Collected data:
-*-*-

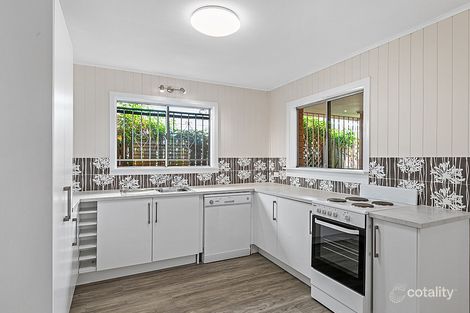 59 Warra St, Wynnum, QLD 4178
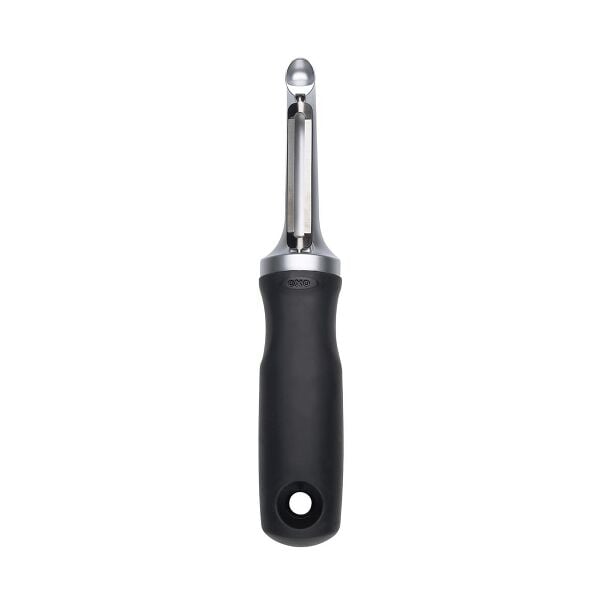 Pro Swivel Peeler E0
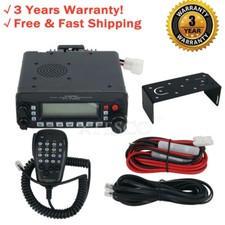 Per yaesu 7900r - per, ft-7900r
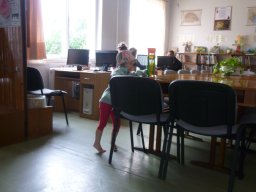 201206 004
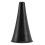 Portable Clarinet Stand Holder Foldable Support Metal 5-Leg Stand 3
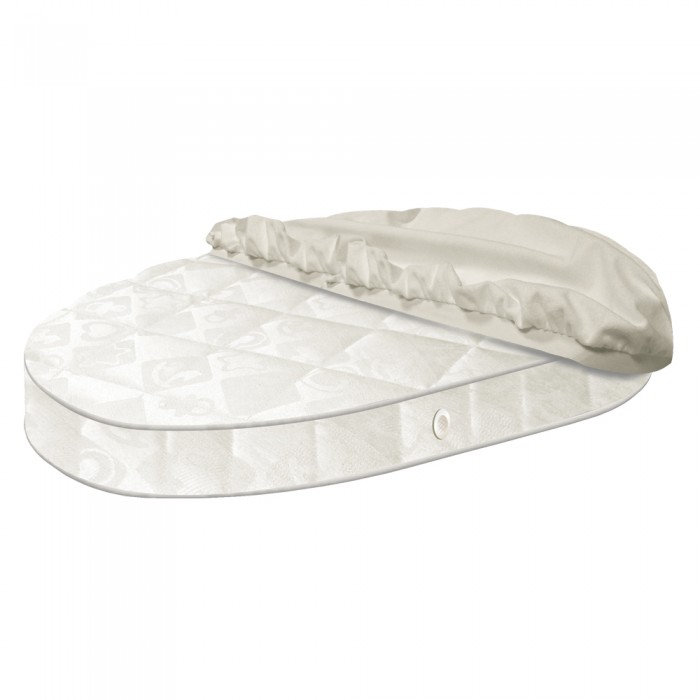  Nuovita   EcoSleep 12575 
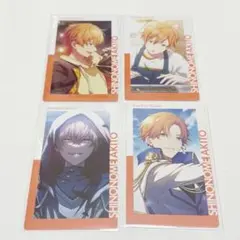 2026年最新】東雲彰人 エピカ 黒百合の人気アイテム - メルカリ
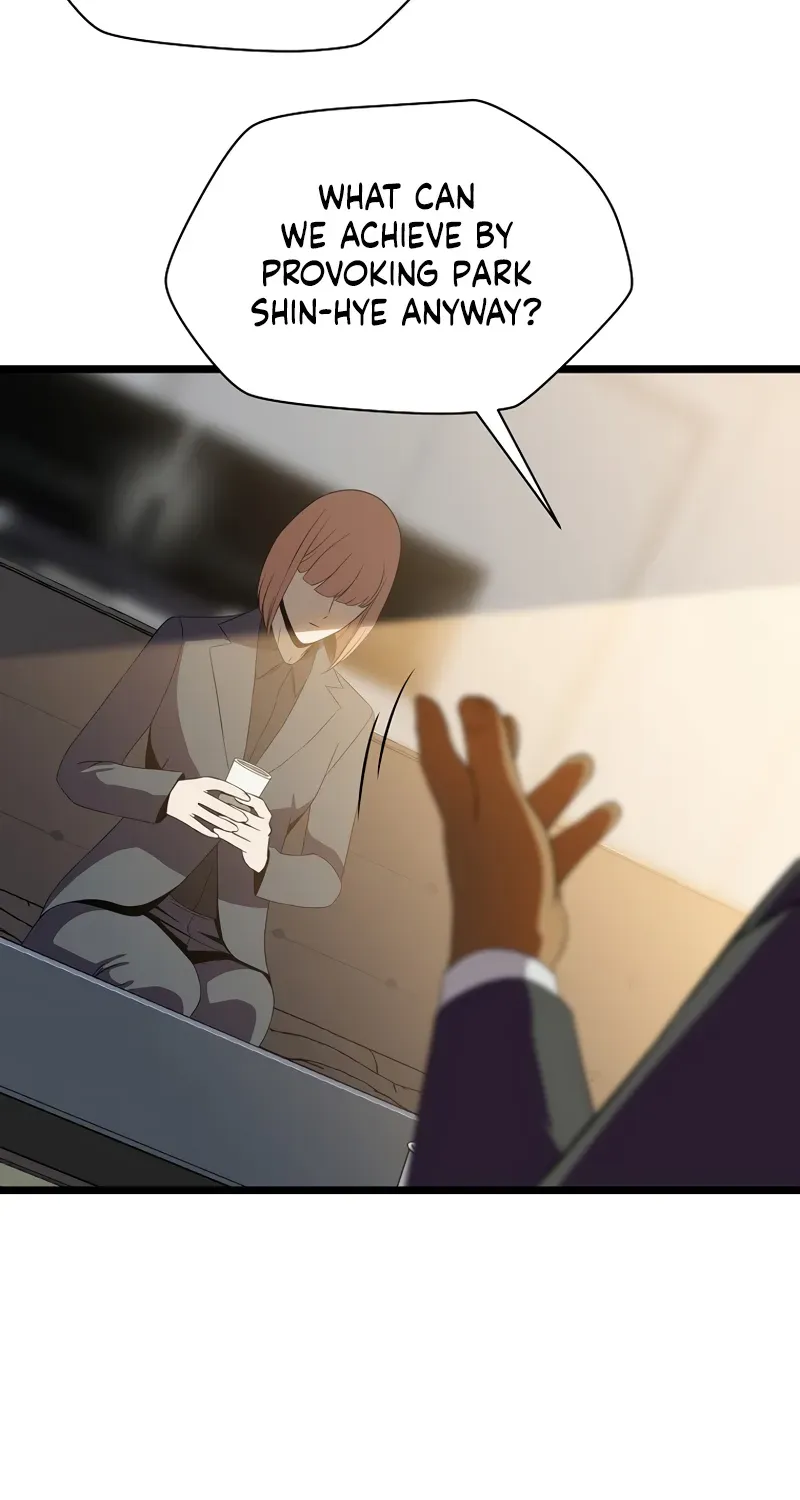Kill The Hero Mangakakalot X Chapter 103 Page 39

-*-*-

Transcribe all data precisely. Pictures are not copied.

 59 Warra St, Wynnum, QLD 4178
 Pro Swivel Peeler E0
 Per yaesu 7900r - per, ft-7900r
 201206 004
 Portable Clarinet Stand Holder Foldable Support Metal 5-Leg Stand 3
  Nuovita   EcoSleep 12575 
 2026年最新】東雲彰人 エピカ 黒百合の人気アイテム - メルカリ
Kill The Hero Mangakakalot X Chapter 103 Page 39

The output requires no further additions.